The way I see it, going to somewhere like Spain if you’re from anywhere but Spain is like going to Quebec if you’re from anywhere else in Canada. And since it’s the closest I’ve gotten to culture shock in my still fairly un-travelled life, this is how I relate it. First, you can go to Quebec City, or you can go to Montreal, and it’s great there. There are tons of things to do. There are art galleries, and universities, and coffee shops and theme parks and hotels. There are resort towns like Mont Tremblant where cute little shops are cut into the side of a mountain so you can shop for souvenirs while enjoying a stunning view at the same time. In my road trips across Canada I’ve done all of these things in Quebec, and it didn’t faze me, because all these places still felt very much like Canada. But it wasn’t until we went to eastern Quebec and to places like Gaspe, where there’s less and less tourist traffic, that I got my first hint of culture shock in my own country.
In places like Quebec City or Montreal, you get a lot of Francophones, but most people are bilingual, or at least very familiar in communicating with people in English. But on the way to Gaspe, there are towns and large areas where we found ourselves miming to locals and making sad attempts at employing our meagre high school French to try to ask for directions, because in places like that, there are few to no English speakers. You can walk into a Poissonerie (where they make the most delicious cod I’ve had in my entire life) and find yourself surrounded by language you don’t know, and for the time we spent in this part of Quebec, it was like we were in a different country. And it was fascinating.

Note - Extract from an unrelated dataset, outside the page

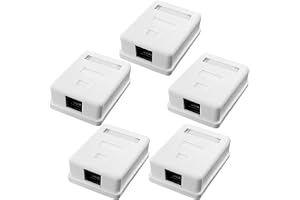 5 x CAT 6A ytmonterad nätverksuttag 1 port, RJ45-uttag skärmad montering 10 Gbit/s Ethernet nätverk LAN uttag nätverkskabel i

This is the kind of travelling experience I want. Since I’ve had to limit myself to my own continent, these kind of experiences have been hard to come by. But I’ve realized if you’re going to enjoy your time in a new culture, whether it’s camping in Gaspe or couch surfing at Madrid apartments for several weeks, you can get culture shock. And if you embrace it instead of trying to hide from it, this culture shock can be a refreshing experience.